La secrétaire
de
Steven Shainberg
Prototype du film indépendant grand public, spécialité
dont Miramax semble s’être fait le champion depuis
plusieurs années, la Secrétaire a obtenu les
lauriers du très hype festival de Sundance, ainsi que
d’un grand public toujours prêt à s’émoustiller
pour un début d’amorce de controverse : il narre
en effet la progressive révélation au monde et à
elle-même de Lee (Maggie Gyllenhaal, beauté
paradoxale et révélation US de l’année en cours),
jeune fille psychologiquement fragile ayant séjourné
en hôpital psychiatrique, à travers son emploi de secrétaire
pour un avocat taciturne (James Spader, juste là),
et surtout à la relation sado-masochiste qui les unit
très vite, pour le meilleur et pour le pire, happy end
inclus, on n’est pas à Hollywood pour rien.

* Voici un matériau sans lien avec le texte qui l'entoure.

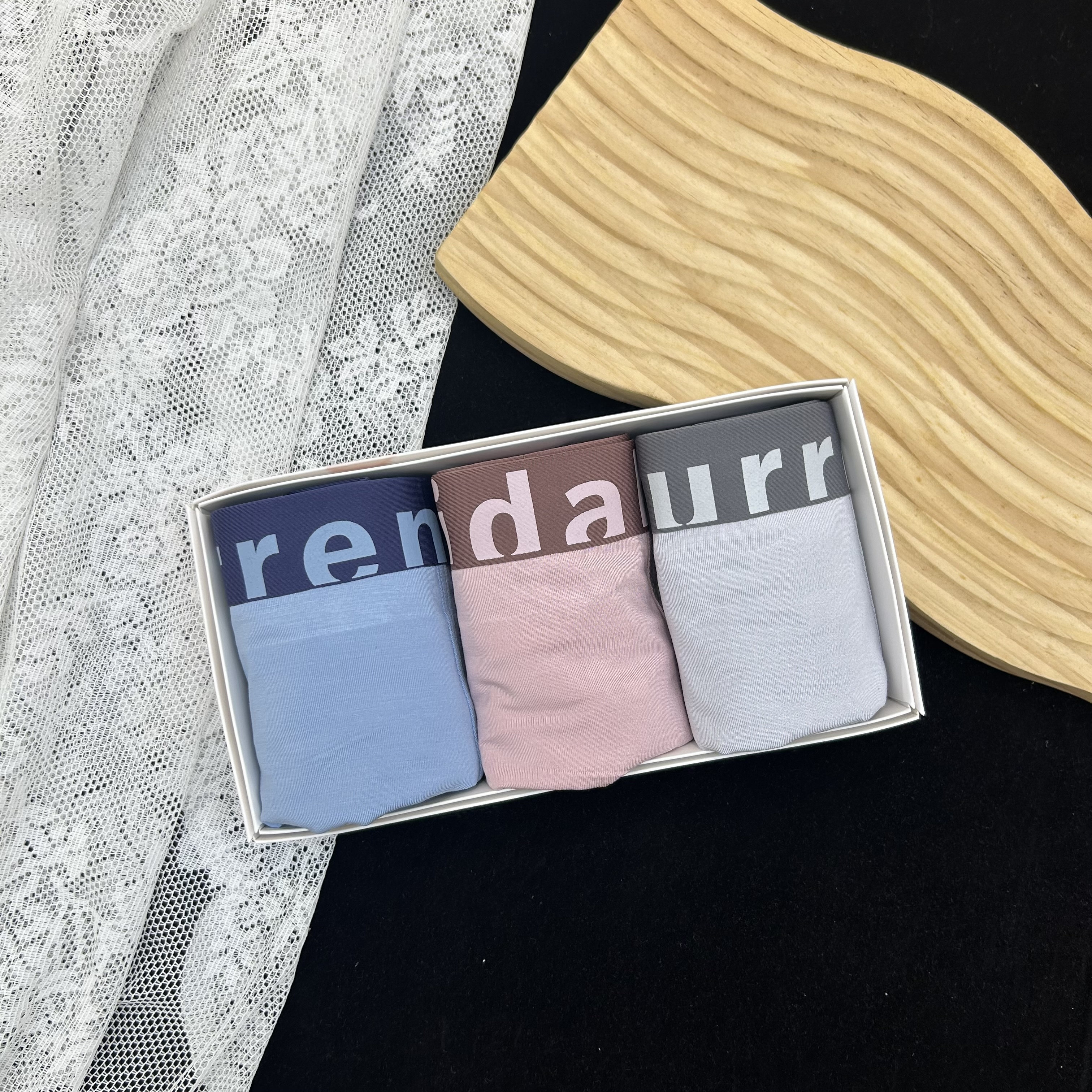 3条装|阿宝托比男士内裤莫莫棉档2026新款平角四角7A抑菌男款短裤,女士内衣/男士内衣/家居服,男平角内裤,淘宝优惠券,粉丝福利购,淘宝优惠卷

Selon la rumeur, le deuxième film de Steven Shaiberg
serait un subtil et audacieux plaidoyer pour les
sexualités « déviantes », enfin assumées
et déculpabilisées du poids moral de la société.

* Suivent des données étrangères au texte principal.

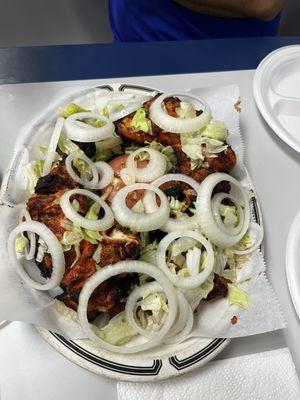 Dhaba Mixed Grill Platter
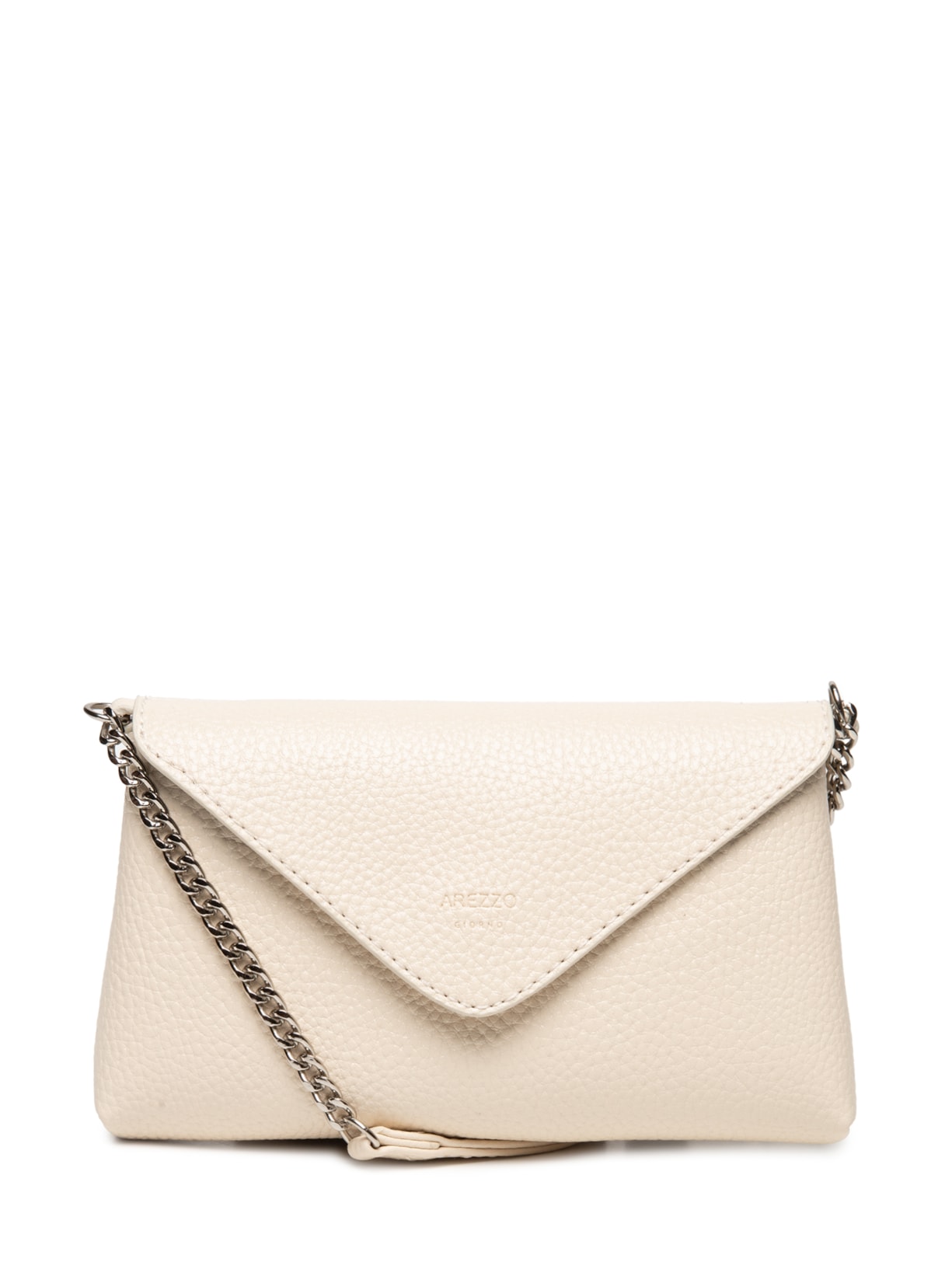 Bolsa Feminina Pequena Eco Big Floater Branco Arezzo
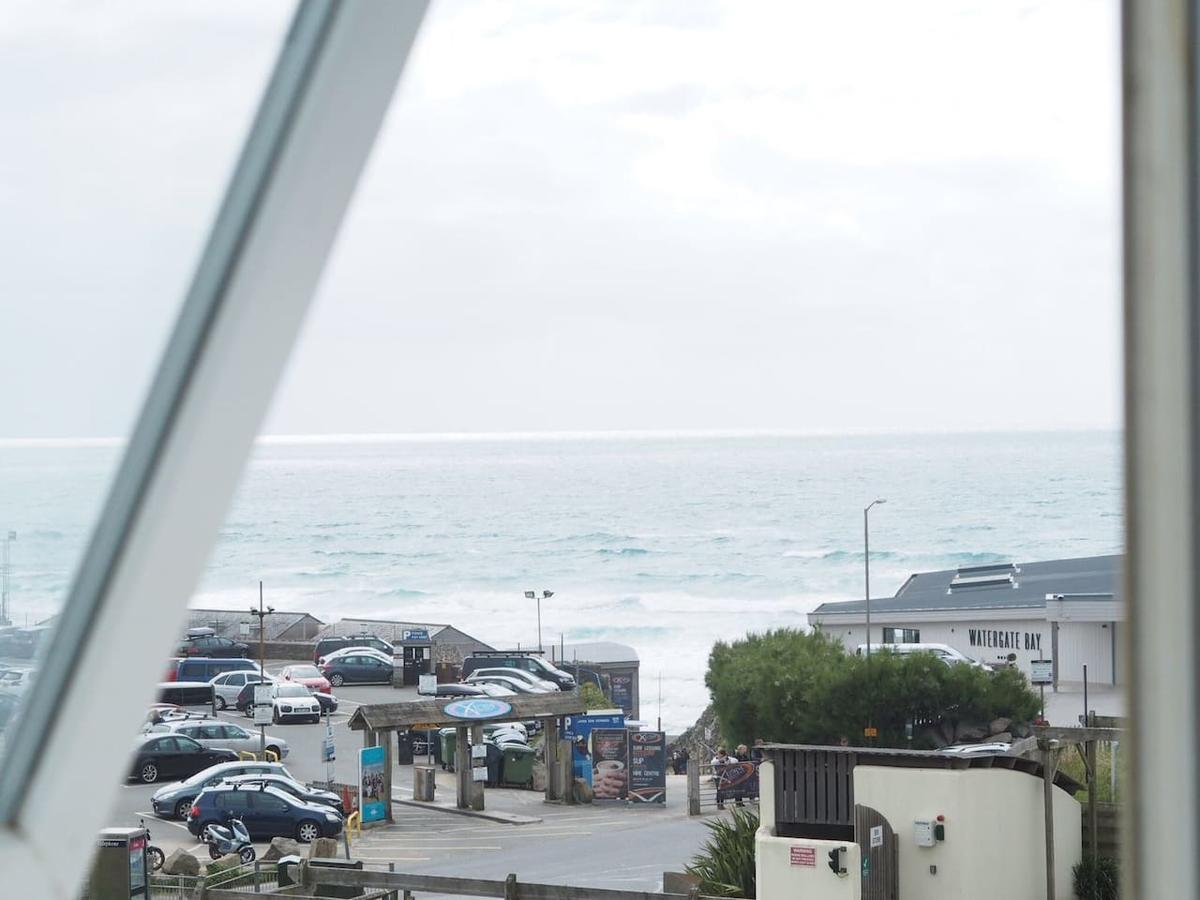 Hotel Wax, Watergate New Quay Esterno foto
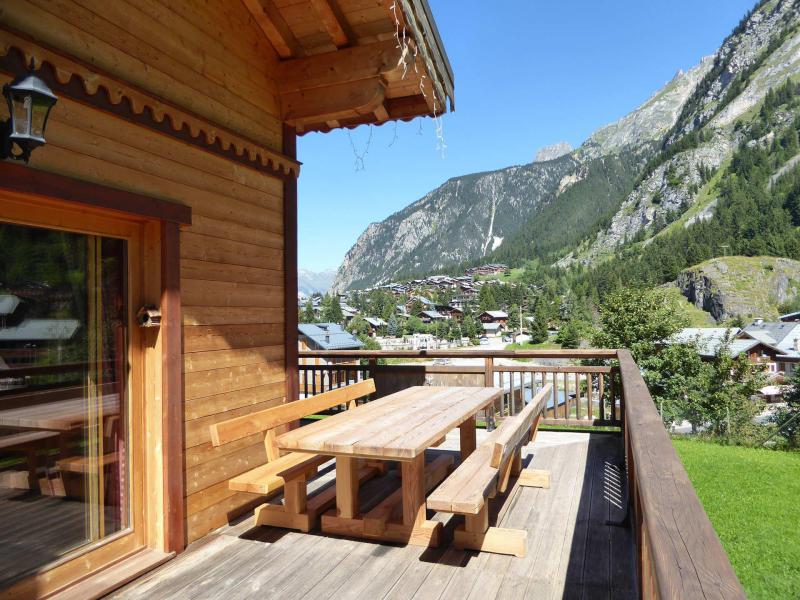 Ski verhuur Appartement 6 kamers mezzanine 10 personen - Chalet le Flocon - Pralognan-la-Vanoise - Buiten zomer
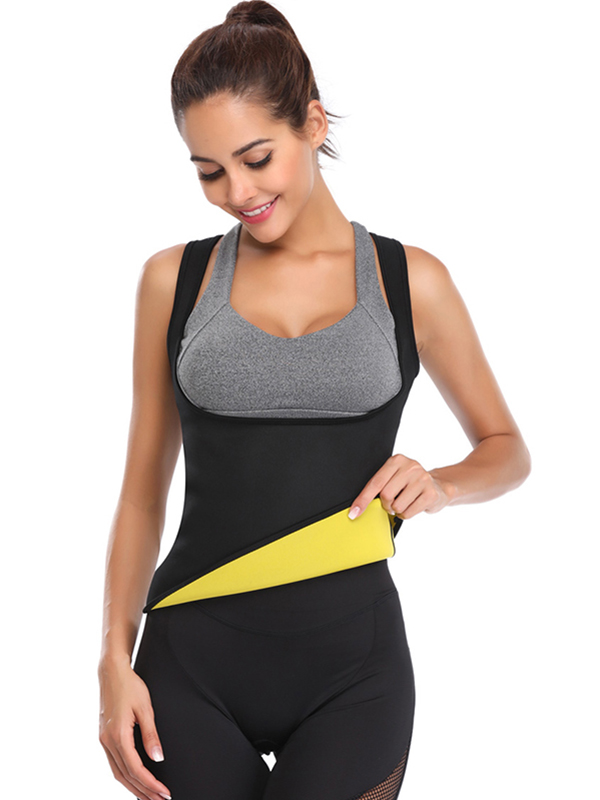 Latex Underbust Vest Waist Trainer Corset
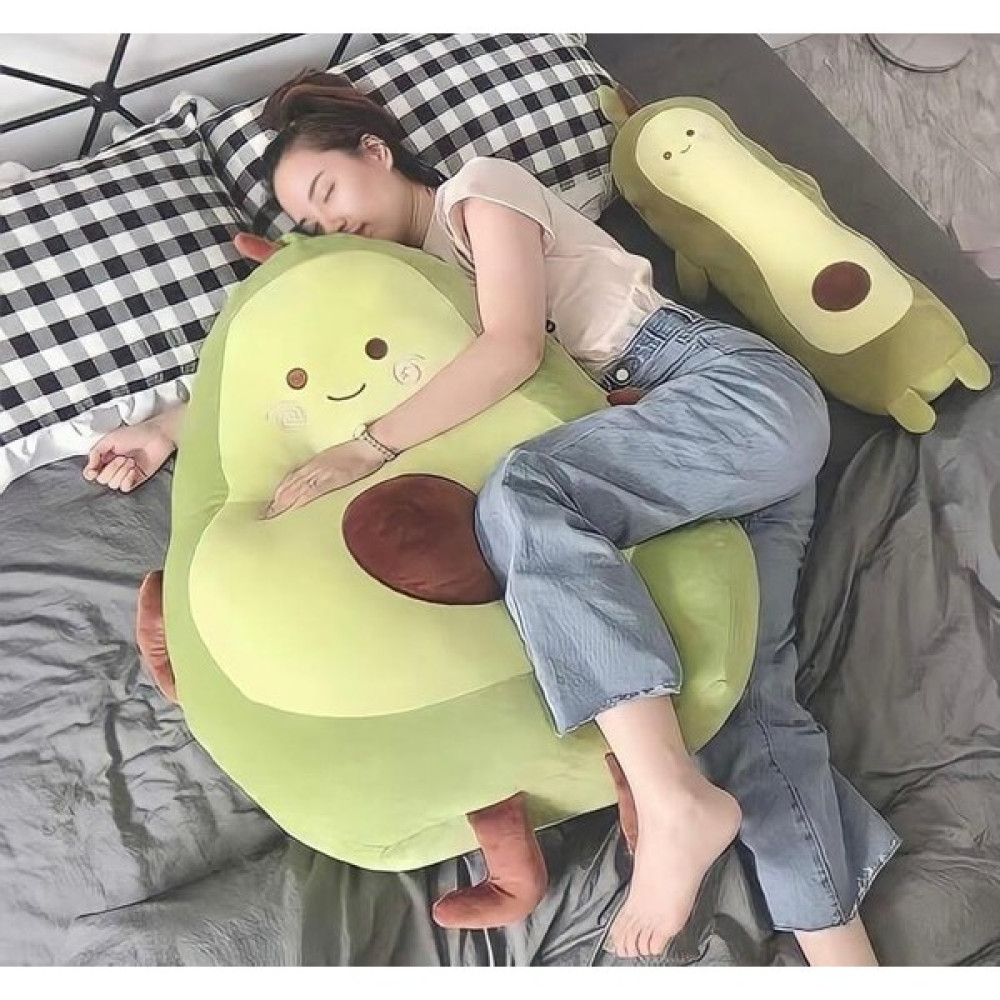 HV Concept Büyük Boy Avakado Peluş Yastık 80 cm Peluş Oyuncaklar Fiyatı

Mais si le film permet en effet à son personnage
central de se libérer et de laisser de côté ses névroses,
il est surtout une comédie romantique désèspérément
banale, un produit calibré pour cinéphile occasionnel
peu regardant sur l’authenticité et l’originalité
de ce qu’on lui donne à voir.
La
Secrétaire démontre ainsi par A+B que de plus en
plus, le cinéma indépendant américain se repose
uniquement sur le savoir-faire d’aînés consacrés,
pour livrer des films calibrés, politiquement corrects,
inoffensifs et finalement plus hollywoodiens
qu’Hollywood.
Shainberg se contente de réutiliser les recettes
que d’autres avant lui ont mis au point : on
songe ainsi fréquemment à David Lynch. Non pas
à travers un goût pour une certaine opacité
psychologique (voire narrative à défaut, comme dans le
roublard Donnie Darko), ou pour une perversité
auquel le sujet se prêtait pourtant, mais via des
emprunts superficiels aussi évidents que gratuits :
le rideau rouge de Twin Peaks, la musique d’un Angelo
Badalamenti, décidément en roue libre lorsqu’il
ne compose pas pour son cinéaste de prédilection (sa
partition paresseuse de L’Adversaire)… De même
la présence de James Spader ne semble pas destinée à
construire un personnage à part entière, elle agit
uniquement comme un clin d’œil à destination du
spectateur qui ne voit non pas James Spader
jouant un avocat sado, mais James Spader, acteur
de Sexes Mensonges et Vidéo, film indépendant
à succés auquel La Secrétaire voudrait bien
emboîter le pas.
Au lieu de ça, le film se contente de brosser le
spectateur lambda dans le sens du poil, lui offrant une
vision du sado-masochisme finalement caricaturale et
rassurante à l’exception d’une scène véritablement
réussie et culottée (sans mauvais jeu de mots…),
enfilant les clichés les uns après les autres :
les parents obligatoirement borderline, le petit ami
d’enfance tellement-touchant- mais-tellement-ennuyeux
etc etc. Dans sa dernière partie, le film rend ainsi véritablement
les armes de manière honteuse avec une résolution et
des plans dignes du pire Julia Roberts, et un érotisme
neu-neu dont M6 ne voudrait pas pour ses deuxièmes
parties de soirée. Don’t believe the hype.